The company had to refurbish all the platform decks, cover each with full roof cover, provide parking for 800 cars, build a 30-bay bus station, retail and office space, do commercial development at 664 Collins Street to podium level and establish links to Docklands and Collins and Spencer Streets.

Active platforms

He said they had to grapple with an extraordinarily complex roof across a very tight site. It covers 3.7ha which is double the grassed area of the MCG. There are 54 spine trusses and some of the sections weighed up to 26t which had to be lifted across active platforms.

“As well, many of the trains were privately owned and operated, and they didn't have any incentive to cooperate and we were an annoyance to their operations,” Mason said.

In the end all was resolved with the Victorian government, without legal dispute and within the contract. “Great thanks need to be given to Southern Cross Station Construction Authority CEO Tony Tanavan and James Cain, son of former state premier John Cain, on the government side. While they were extraordinarily tough to deal with, they did act reasonably and did try and help us clear impediments and build momentum, until we concluded a better way of going forward with the government.”

But the bad public private partnership experience at Southern Cross has not dissuaded the company from embarking on PPP projects.

TAFE has Southern Cross similarities

“We have about a dozen PPPs underway at the moment. And John Holland is doing a refurbishment of the South Bank TAFE in Brisbane, which has some similarities to Spencer Street in the sense that it's an operating environment. Students have to come in to study each day and we have to build the TAFE around them. But that has gone extraordinarily well,” Mason said.

Leightons too is building the first substantial PPP for the Federal government in the form of Defence Department headquarters outside Canberra and that is going well. “One bad experience doesn't mean we wander away from [PPPs] and say we're not going to touch that delivery method. We haven't shied away at all,” he said.

But not every project is suitable for a PPP. The contractual elements are more complex than traditional D&C jobs. There are a range of delivery methods and alliance contracts are becoming much more common. In those, the client and contractor sit down and try and work out the best way forward, rather than taking an adversarial contract position, he said.

“Across the Leighton group, about 40% of projects are alliance projects, which is completely different to five years ago when it would have been 5 or 10%. PPPs are a fairly small proportion.

Power imbalances

In talking about the pre requisites for successful PPPs, Mason said they were not called partnerships for nothing. “One side must not have more power than the other. In terms of risk transfer it has to be appropriate.

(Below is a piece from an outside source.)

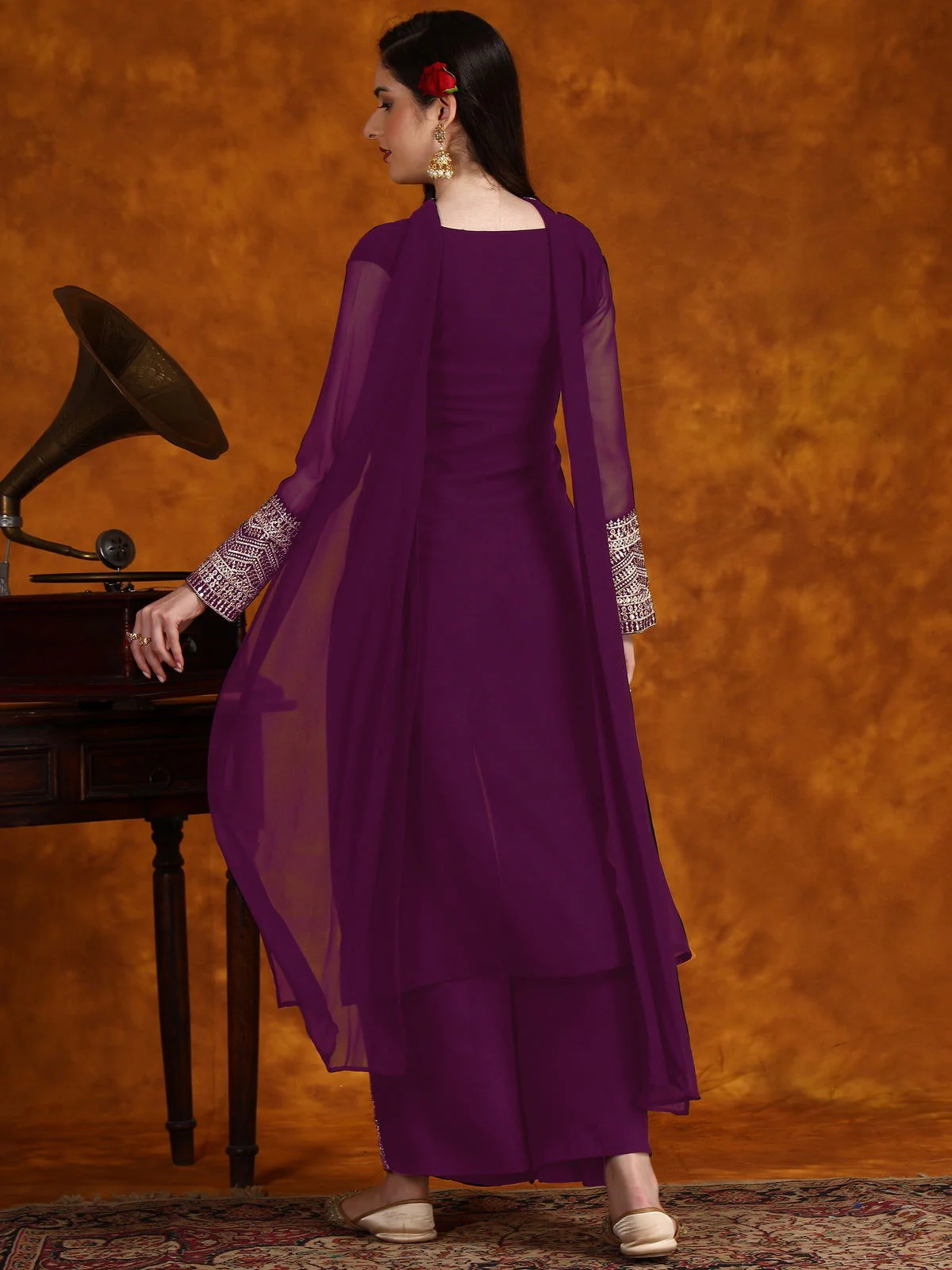 Wine Georgette Lace Work Kurta Palazzo With Dupatta Set (1) Wine Georgette Lace Work Kurta Palazzo With Dupatta Set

So risk must be borne by the party best able to manage it,” he said.

“Above all the private sector needs a realistic timetable in a PPP because they require tremendous effort. In tendering for Melbourne's EastLink road project for example, we had 600 people working on it.”

Mason showed a graph derived from BIS Shrapnel data, that showed private sector value of work done each year in the Victorian construction industry, was estimated to increase by about 85% between 2001 and 2008, from $7bn to $13bn. The graph showed the average value of work done from 1990 to 2007 was well below the 2001 figure.

“If anyone had said six years ago that it would nearly double, most people would have said take a Bex and have a lie down.”

He cited projects like the underway Geelong Bypass, the Westgate Bridge expansion, up to $2bn to be spent on upgrading the underground City Loop, clearing congested passenger lines like Dandenong and Clifton Hill, the proposed Eastern Freeway extension and building the missing link between the Eastern and Tullamarine Freeway, as examples of needed infrastructure.

“Congestion costs are due to explode up until 2020 according to the Bureau of Transport Research Economics. In all major cities they are forecast to double over the next dozen years. So governments have to very active just to hold the line,” Mason said.